Selain nilai-nilai keseimbangan dan harmonisasi, dalam kebudayaan Bali juga dikenal adanya konsep tri semaya yakni persepsi orang Bali terhadap waktu. Menurut orang Bali masa lalu ( athita ), masa kini ( anaghata ) dan masa yang akan datang ( warthamana )
merupakan suatu rangkaian waktu yang tidak dapt dipisahkan satu dengan
lainnya. Kehidupan manusia pada saat ini ditentukan oleh hasil perbuatan
di masa lalu, dan perbuatan saat ini juga menentukan kehidupan di masa
yang akan datang. Dalam ajaran hukum karma phala disebutkan
tentang sebab-akibat dari suatu perbuatan, perbuatan yang baik akan
mendapatkan hasil yang baik. Demikian pula seBaliknya, perbuatan yang
buruk hasilnya juga buruk atau tidak baik bagi yang bersangkutan.
Kebudayaan
Bali juga memiliki identitas yang jelas yaitu budaya ekspresif yang
termanifestasi secara konfiguratif yang emncakup nilai-nilai dasar yang
dominan sepert: nilai religius, nilai estetika, nilai solidaritas, nilai
harmoni, dan nilai keseimbangan (Geriya 2000: 129). Kelima nilai dasar
tersebut ditengarai mampu bertahan dan berlanjut menghadapi berbagai
tantangan.
Ketahanan budaya Bali juga ditentukan oleh sistem sosial yang terwujud dalam berbagai bentuk lembaga tradisional seperti banjar, desa adat, subak (organisasi pengairan), sekaa (perkumpulan), dan dadia (klen).

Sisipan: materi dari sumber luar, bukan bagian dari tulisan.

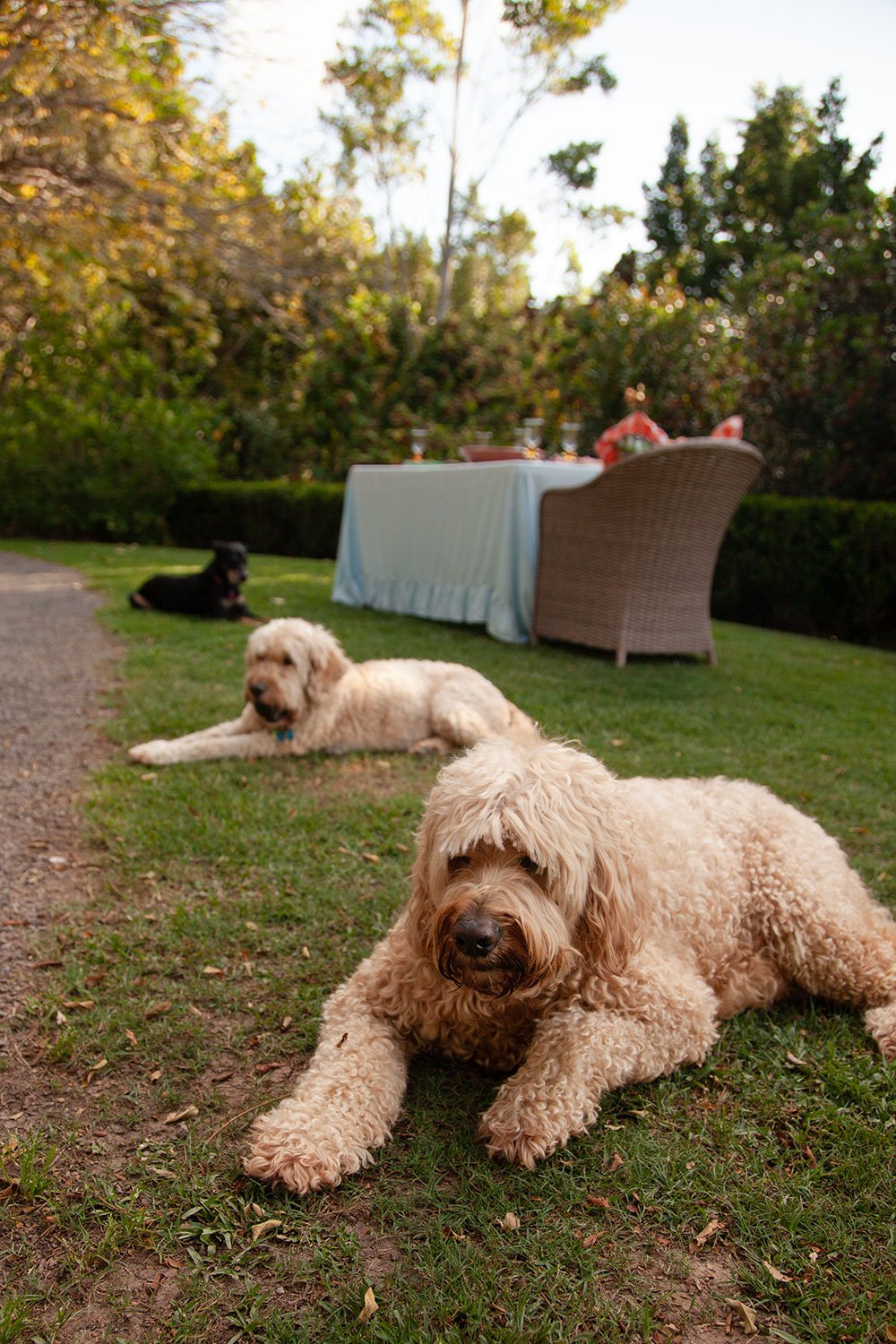 Macabee and friends_The Garden Party_The Dinner Party Guide.jpg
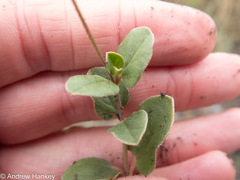 Commicarpus
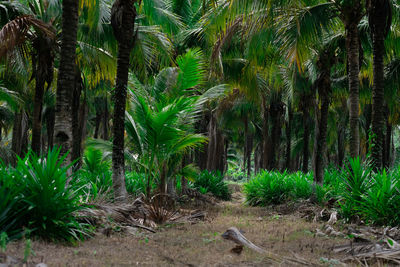 Trees growing in forest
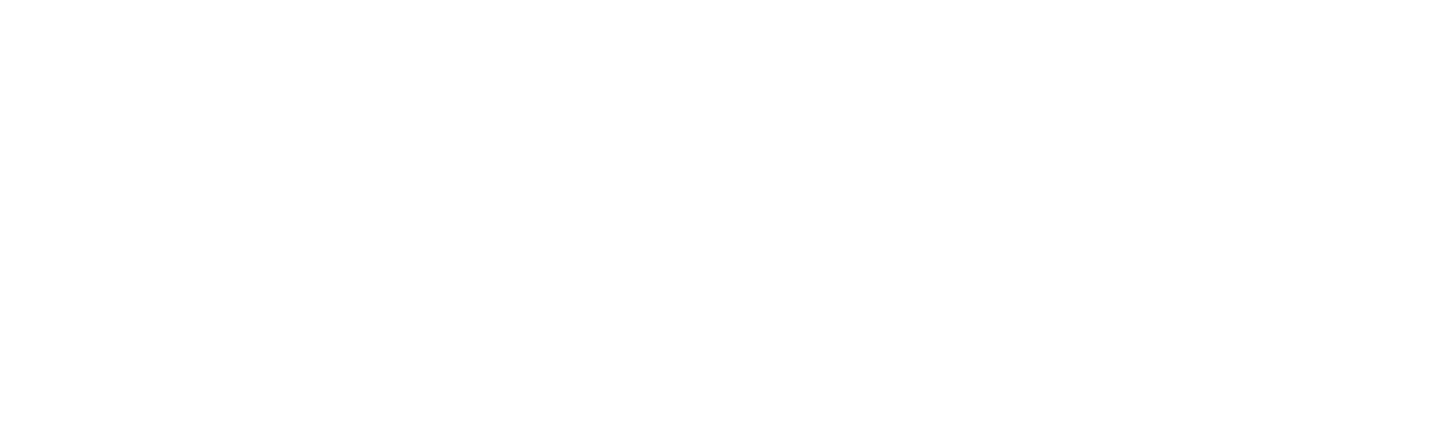 brain0 logo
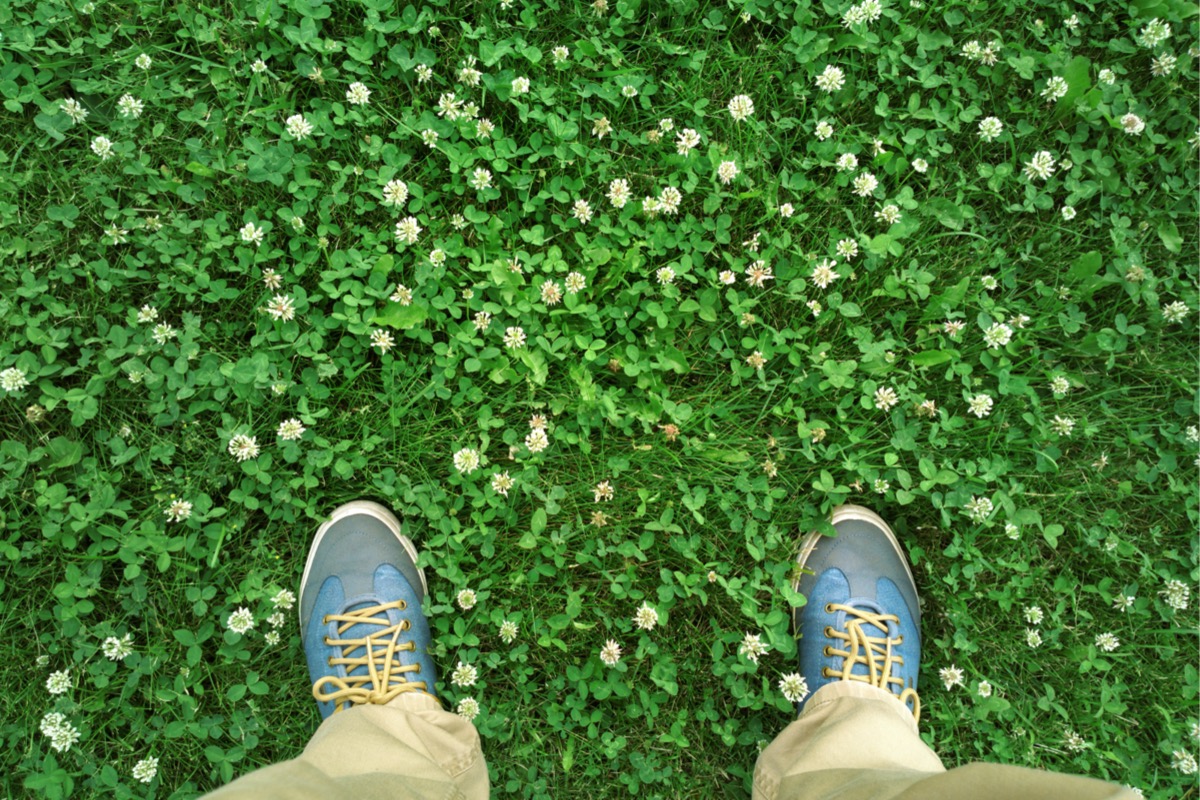 A person is looking down at their shoes while standing in clover with clover flowers.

Keterikatan orang Bali terhadap lembaga-lembaga tradisional tersebut
baik secara sukarela maupun wajib, telah mampu berfungsi secara
struktural bagi ketahanan budaya Bali. Menurut Geertz (1959) orang Bali
sangat terikat oleh beberapa lembaga sosial seperti tersebut di atas.

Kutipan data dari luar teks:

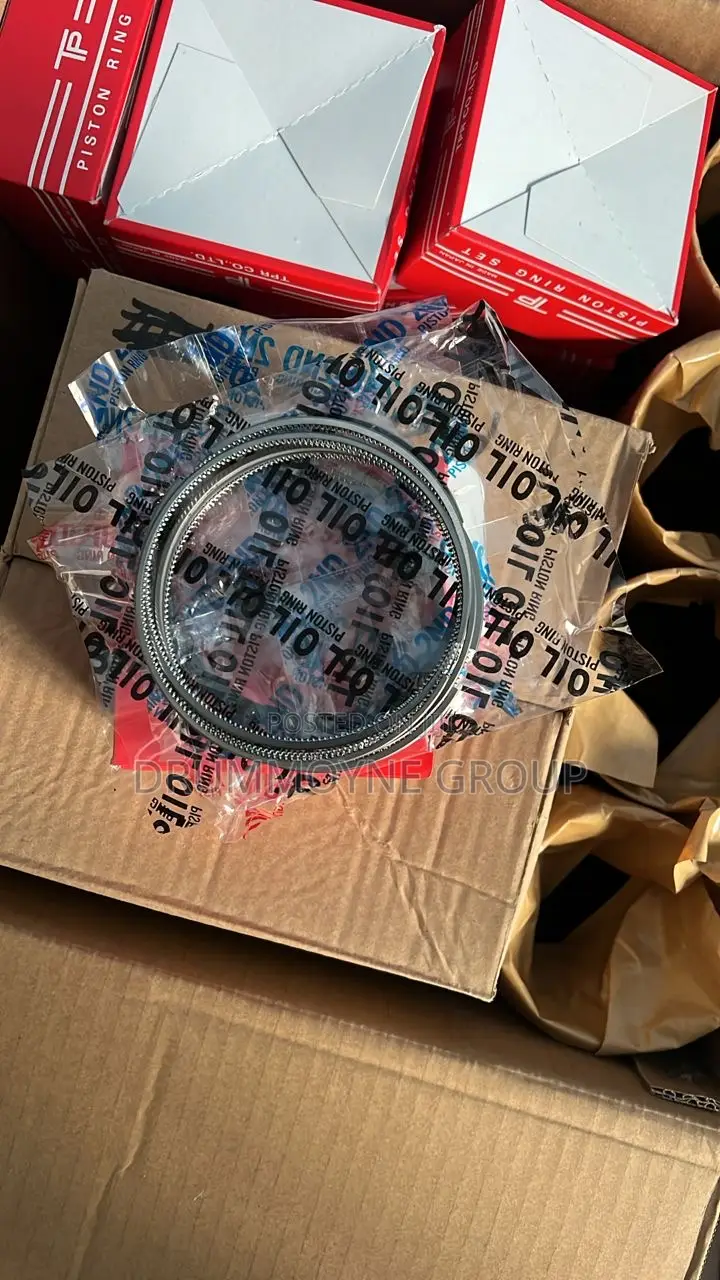 H100 Hyundai Grace Piston Rings Quality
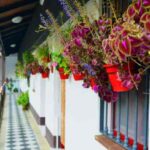Typische Andalusische Patios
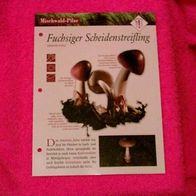 Fuchsiger Scheidenstreifling (Pfl-K) - Informationskarte über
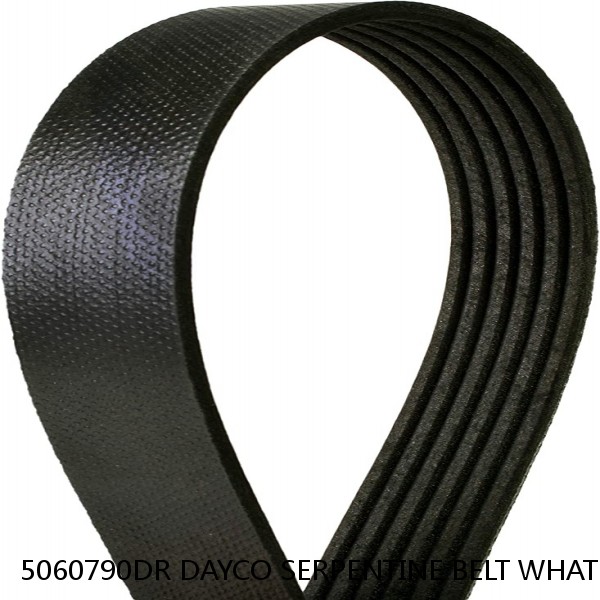 5060790DR DAYCO SERPENTINE BELT WHAT'S THE BEST PRICE ON BELTS #1 small image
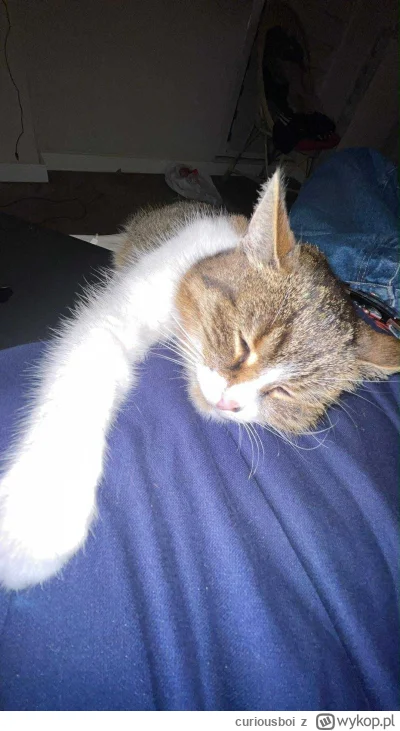curiousboi - Śmietnik sleeping #pokazkota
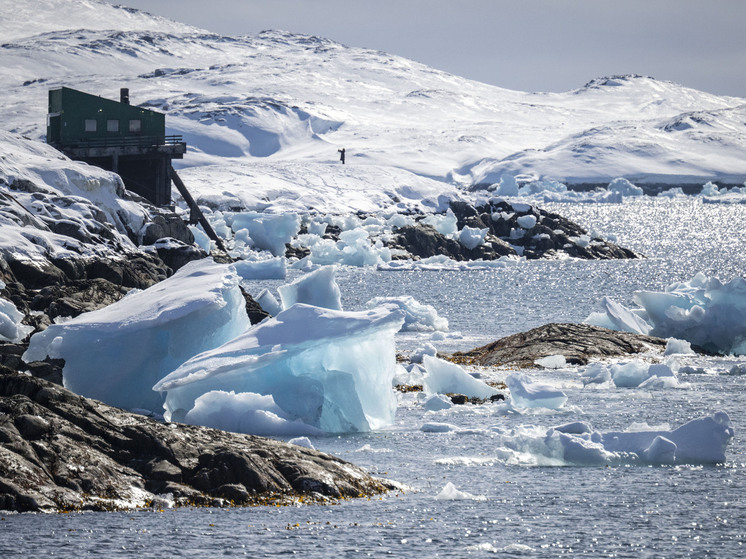 Спецпосланник Трампа: Гренландия должна стать частью США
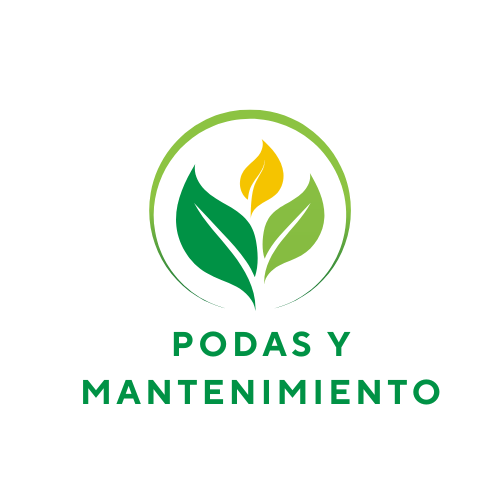 Logo Empresa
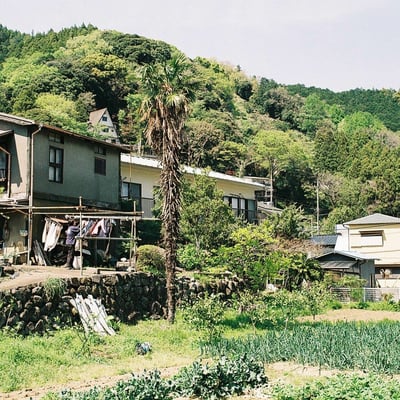 入生田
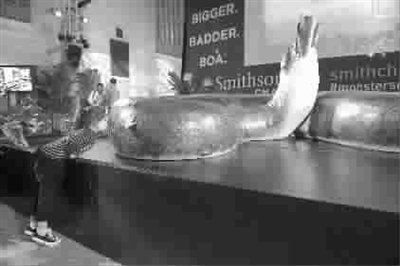 世界上最大的蟒蛇泰坦巨蟒森蚺,泰坦巨蟒的后代是如今的什么蟒蛇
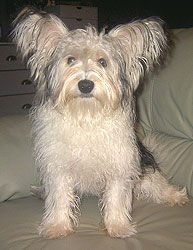 Bichon/Yorkie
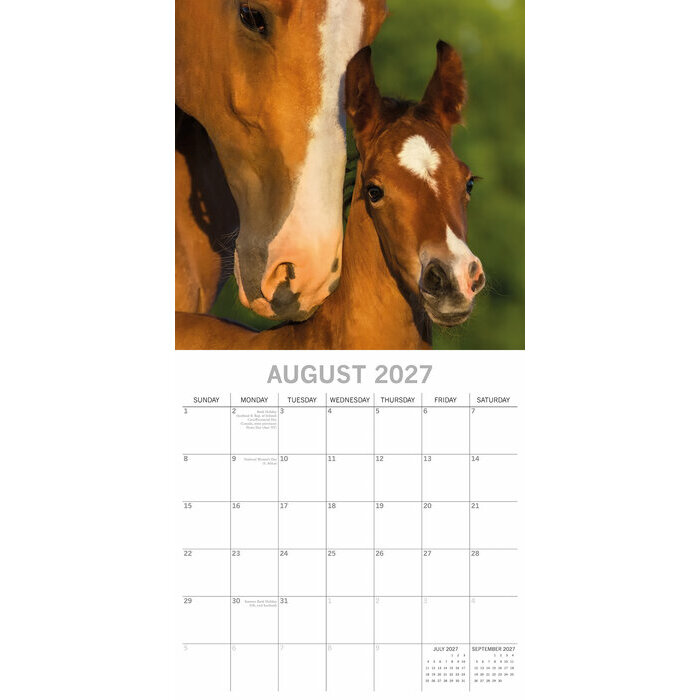 Calendrier Mural 2027 Chevaux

Lembaga tradisional seperti desa adat dianggap benteng terakhir dari
kebertahanan budaya Bali.
Namun
demikian, perlu kiranya dipahami bahwa ketahanan kebudayaan Bali
mempunyai kelemahan dari tiga aspek pokok yaitu ketahanan struktural,
fungsional dan prosesual (Geriya 2000:183). Ketahanan struktural secara
fisik terkait dengan penguasaan tanah sebagai penyangga budaya, yang
bukan saja berubah fungsi tetapi juga berubah penggunaannya. Kelemahan
fungsional terkait dengan melemahnya fungsi bahasa, aksara dan sastra
Bali sebagai unsur dan media kebudayaan. Kelemahan prosesual realitas
konflik yang berkembang dengan fenomena transformasi dengan ikatannya
berupa fragmentasi dan disintegrasi.
Perubahan Kebudayaan Bali
Masyarakat
dan kebudayaan Bali tidak luput dari perubahan di era gloBalisasi ini.
Seperti dikatakan oleh Adrian Vickers (2002) bahwa orang Bali kini
tengah mengalami suatu paradok yakni cenderung mengadopsi kebudayaan
modern yang mendunia (kosmopolitan), namun di sisi lain juga sedang
mengalami proses parokialisme atau kepicikan yang timbul
karena fokus beralih pada lokalitas, khususnya kepada desa adat. Dengan
kata lain bahwa orang Bali dalam mengadopsi budaya modern tampaknya
masih tetap berpegang kepada ikatan ikatan tradisi dan sistem nilai yang
dimilikinya. Fenomena paradok ini juga dikemukakan oleh Naisbitt dan
Aburdene (1990:107) yang disebutnya sebagai sikap penolakan
(countertrend) terhadap pengaruh kebudayaan global (budaya asing)
sehingga timbul hasrat untuk menegaskan keunikan kultur dan bahasa
sendiri.
Triguna (2004)
mengatakan bahwa watak orang Bali telah berubah secara signifikan dalam
dekade terakhir ini. Orang Bali tidak lagi diidentifikasi sebagai orang
yang lugu, sabar, ramah, dan jujur sebagaimana pernah digambarkan oleh
Baterson. Demikian pula orang Bali telah dipersepsikan oleh outsider
sebagai orang yang temperamental, egoistik, sensitif, dan cenderung
menjadi human ekonomikus. Perubahan karakter orang Bali disebabkan oleh
beberapa faktor antara lain faktor internal dan eksternal. Faktor
internal adalah perubahan fisik yakni alih fungsi lahan yang setiap
tahunnya berkisar sekitar 1000 ha. Budaya agraris yang semula menjadi
landaskan kehidupan budaya dan masyarakat Bali kini berubah menjadi
budaya yang berorientasi kepada jasa dalam kaitannya dengan industri
pariwisata. Faktor eksternal bersumber dari kegiatan industri pariwisata
telah menyebabkan terdinya materialisme, individualisme, komersialisme,
komodifikasi, dan gejala profanisasi dalam kebudayaan Bali.